El diputado Juan Manuel Molina García, en la lectura del dictamen 94, indicó que para definir al concejo fundacional, el gobernador contará con 30 días hábiles para proponer a 20 personas que reúnan el perfil para hacer las funciones similares a las de un cabildo.

El Congreso del Estado se encargará de evaluar las propuestas y de elegir a los más idóneos para la administración del nuevo municipio, en un plazo no mayor a 30 días. Serán siete concejales, que fungirán como presidente, síndico y regidores, de los cerca de 19 mil habitantes con que cuenta San Felipe.
Los concejales electos rendirán protesta en una sesión solemne, con la presencia del gobernador, del Congreso del Estado y del Poder Judicial.
Iniciarán actividades el primero de enero del 2022, mientras tanto se instalará una comisión de transición, en la que participarán representantes de la Secretaría General de Gobierno, de la Secretaría de Hacienda y los titulares de Tesorería de Ensenada y Mexicali.

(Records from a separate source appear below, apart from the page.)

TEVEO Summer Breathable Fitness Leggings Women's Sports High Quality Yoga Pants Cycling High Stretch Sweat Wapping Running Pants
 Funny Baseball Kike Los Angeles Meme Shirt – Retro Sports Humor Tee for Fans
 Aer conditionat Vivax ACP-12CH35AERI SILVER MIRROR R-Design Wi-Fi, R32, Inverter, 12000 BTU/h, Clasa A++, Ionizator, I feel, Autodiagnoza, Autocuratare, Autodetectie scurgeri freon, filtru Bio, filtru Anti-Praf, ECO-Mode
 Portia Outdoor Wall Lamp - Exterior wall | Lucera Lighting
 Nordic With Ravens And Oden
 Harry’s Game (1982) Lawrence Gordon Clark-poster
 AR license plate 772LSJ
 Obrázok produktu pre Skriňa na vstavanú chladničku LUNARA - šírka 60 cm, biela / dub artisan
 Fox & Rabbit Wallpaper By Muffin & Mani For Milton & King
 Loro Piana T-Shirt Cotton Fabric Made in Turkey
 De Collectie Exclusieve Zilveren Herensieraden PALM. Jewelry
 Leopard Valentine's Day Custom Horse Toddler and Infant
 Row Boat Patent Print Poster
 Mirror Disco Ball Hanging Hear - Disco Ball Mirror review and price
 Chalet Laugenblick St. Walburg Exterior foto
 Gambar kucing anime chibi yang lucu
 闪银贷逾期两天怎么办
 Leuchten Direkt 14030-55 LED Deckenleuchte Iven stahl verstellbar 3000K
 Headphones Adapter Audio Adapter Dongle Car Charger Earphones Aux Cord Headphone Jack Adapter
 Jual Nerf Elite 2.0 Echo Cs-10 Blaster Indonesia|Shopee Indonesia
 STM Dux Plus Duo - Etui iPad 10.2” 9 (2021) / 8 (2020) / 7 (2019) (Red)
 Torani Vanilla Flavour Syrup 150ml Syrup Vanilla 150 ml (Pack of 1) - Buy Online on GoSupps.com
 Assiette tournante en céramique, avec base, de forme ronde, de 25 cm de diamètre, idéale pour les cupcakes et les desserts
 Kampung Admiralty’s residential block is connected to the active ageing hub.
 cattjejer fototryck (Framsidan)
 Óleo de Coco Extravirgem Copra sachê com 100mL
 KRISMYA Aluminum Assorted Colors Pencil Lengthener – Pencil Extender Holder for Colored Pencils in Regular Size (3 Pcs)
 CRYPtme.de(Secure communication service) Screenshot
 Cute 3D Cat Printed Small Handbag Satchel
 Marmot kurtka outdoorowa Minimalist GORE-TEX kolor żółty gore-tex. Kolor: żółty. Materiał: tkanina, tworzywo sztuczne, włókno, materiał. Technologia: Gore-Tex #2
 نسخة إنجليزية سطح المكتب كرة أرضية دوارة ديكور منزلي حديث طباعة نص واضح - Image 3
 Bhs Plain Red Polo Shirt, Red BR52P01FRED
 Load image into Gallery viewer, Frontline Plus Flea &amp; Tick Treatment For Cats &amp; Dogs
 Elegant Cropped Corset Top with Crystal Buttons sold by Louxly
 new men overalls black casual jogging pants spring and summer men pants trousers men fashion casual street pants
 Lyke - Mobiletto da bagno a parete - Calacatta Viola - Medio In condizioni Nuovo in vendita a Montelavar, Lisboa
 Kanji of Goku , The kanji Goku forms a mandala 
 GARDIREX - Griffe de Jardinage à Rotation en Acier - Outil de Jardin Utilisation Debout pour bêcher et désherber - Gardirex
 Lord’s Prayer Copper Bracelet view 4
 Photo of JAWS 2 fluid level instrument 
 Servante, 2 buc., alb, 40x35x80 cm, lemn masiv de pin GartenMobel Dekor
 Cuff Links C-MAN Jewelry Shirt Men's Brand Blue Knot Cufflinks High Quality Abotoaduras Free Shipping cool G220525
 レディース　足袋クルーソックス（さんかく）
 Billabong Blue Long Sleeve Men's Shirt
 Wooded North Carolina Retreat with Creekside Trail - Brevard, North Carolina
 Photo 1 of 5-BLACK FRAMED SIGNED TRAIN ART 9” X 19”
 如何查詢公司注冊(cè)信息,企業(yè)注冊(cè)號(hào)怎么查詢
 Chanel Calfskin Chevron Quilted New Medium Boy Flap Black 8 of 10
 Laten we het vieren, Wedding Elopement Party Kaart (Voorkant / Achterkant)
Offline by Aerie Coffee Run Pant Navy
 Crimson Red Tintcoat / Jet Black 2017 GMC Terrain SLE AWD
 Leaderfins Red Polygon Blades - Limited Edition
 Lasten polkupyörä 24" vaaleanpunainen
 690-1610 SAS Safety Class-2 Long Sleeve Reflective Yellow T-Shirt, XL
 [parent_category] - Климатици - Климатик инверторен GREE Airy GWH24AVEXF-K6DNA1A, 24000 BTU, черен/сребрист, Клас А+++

También se incluirá a diputados y regidores de ambos municipios.
Hasta que se haga entrega de los recursos y del patrimonio, así como de la responsabilidad a los concejales, los delegados y funcionarios municipales seguirán cumpliendo con sus tareas.
Se prevé que el Ayuntamiento de San Felipe cuente con un presupuesto propio y con la asignación de los recursos del gobierno estatal.
El Congreso del Estado contará con 180 días para realizar las reformas de ley necesarias para el funcionamiento del nuevo municipio.
El diputado inicialista, Juan Manuel Molina García, recalcó que para los habitantes de San Felipe implica recorrer entre 200 y 250 kilómetros para realizar trámites y gestiones, lo que representa un obstáculo.
Con esta aprobación, anticipó que se logrará detonar al puerto y superar a destinos turísticos cercanos.
Reconoció que hay personas que están en contra de que San Felipe tenga su autonomía, “yo no lo comparto”.
Por su parte, la diputada Miriam Cano, criticó a quienes alegan una cuestión de pertenencia para no “soltar” a San Felipe, cuando era más importante escuchar a los habitantes más necesitados y a los que viven en los ejidos que están alejados de la zona urbana.
En tanto que la diputada Julia González, recordó que hubo un plebiscito, el cual arrojó que el 98.3 por ciento de los habitantes de San Felipe estaban a favor de convertirse en un municipio y eso fue lo que tomaron en cuenta.
Con aplausos, felicitaciones y señales de triunfo, fue como los diputados celebraron la aprobación del dictamen, que estuvo a cargo de la Comisión de Gobernación, Legislación y Puntos Constitucionales, así como de una comisión especial.